= Southwide Baptist Fellowship =

Baptist Christian Denomination in United States

The Southwide Baptist Fellowship is an Independent Baptist Christian denomination in United States. It is a member of the International Baptist Network.

==Organisation==
The organizational structure of government and by-laws within the Southwide Baptist Fellowship are not available for public viewing, but the organization includes a moderator and one of its main purposes is to convene regularly for conferences.

==Beliefs==
Considered a conservative and "Fundamentalist" association of Baptist churches, the Southwide Baptist Fellowship is not as staunchly devoted as other Baptist Fundamentalist Fellowships to the concept of absolute autonomy (local church independence) or the essential requirement of the King James Version (KJV).

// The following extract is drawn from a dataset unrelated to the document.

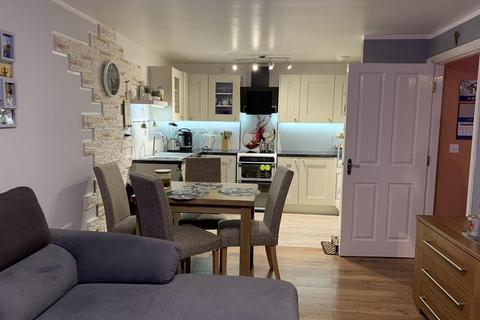2 bedroom apartment for sale - Pendinas, Wrexham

Certainly, most member churches of the Southwide Baptist Fellowship are Independent Baptist and remain "KJV-only".

When it originated, the Southwide Baptist Fellowship was almost identical in teaching and outlook as the core of Independent Baptist Fundamentalism. It was heavily influenced by Lee Roberson and John R. Rice. Its hallmark code of behaviors (short hair on men, dresses on women, no mixed bathing, no movies, no contemporary music) and its theology of Dispensationalism were standard for Baptist Fundamentalism. Many of its members were openly antagonistic towards the Southern Baptist Convention and were outposken critics of SBC policies which, two decades ago, permitted a certain degree of liberal theology.

===Increasing openness===
Over time, particularly since the 1990s, the Southwide Baptist Fellowship has loosened some of its more strict requirements of dress and behavior.

Currently, it remains a loose federation of Baptist churches that stand for conservatism, both religious and political, including political action, and overall it remains Dispensational in theology. It embraces but does not require strict independence.

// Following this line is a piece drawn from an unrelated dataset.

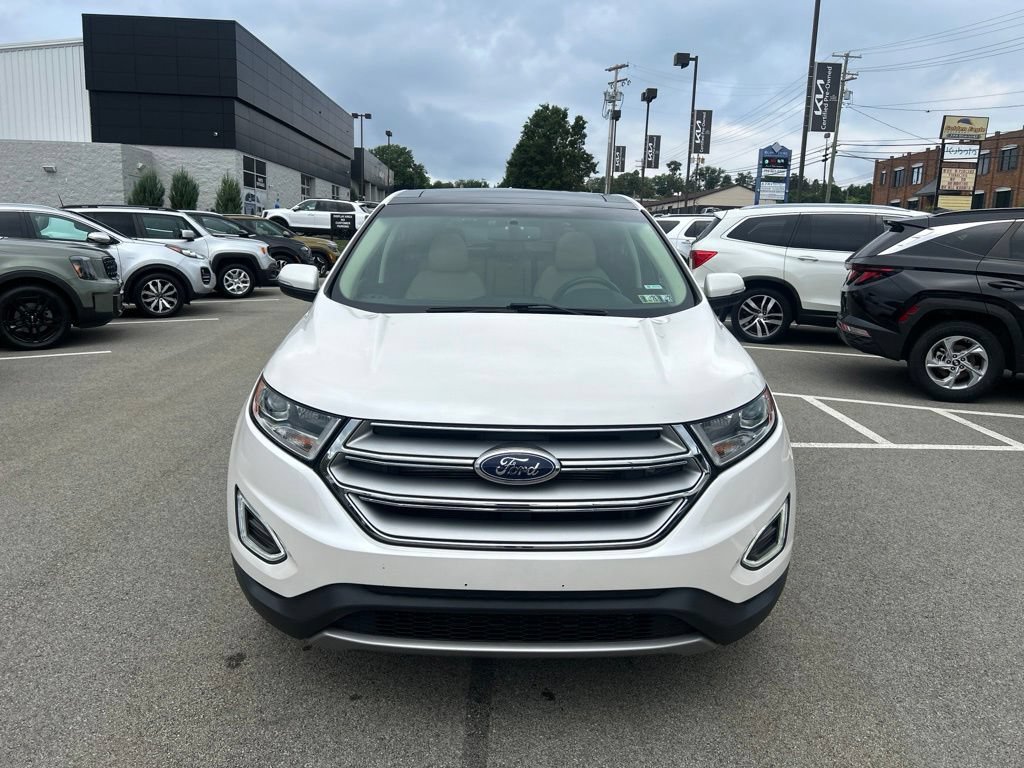 Used 2018 Ford Edge SEL w/ Equipment Group 201A AWD/4WD image 2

==Splinter Organizations==

Once Southwide began to open up to more Southern Baptists and Contemporary Christian influences, the more conservative, KJV Only sections began forming separate fellowships such as the Nationwide Independent Baptist Fellowship, now known as the Atlanta Super Conference, and more recently the new Southwide Independent Baptist Fellowship. Both of these groups have been influenced by leaders from independent Baptist institutions such as Crown College (Tennessee), West Coast Baptist College and Hyles-Anderson College.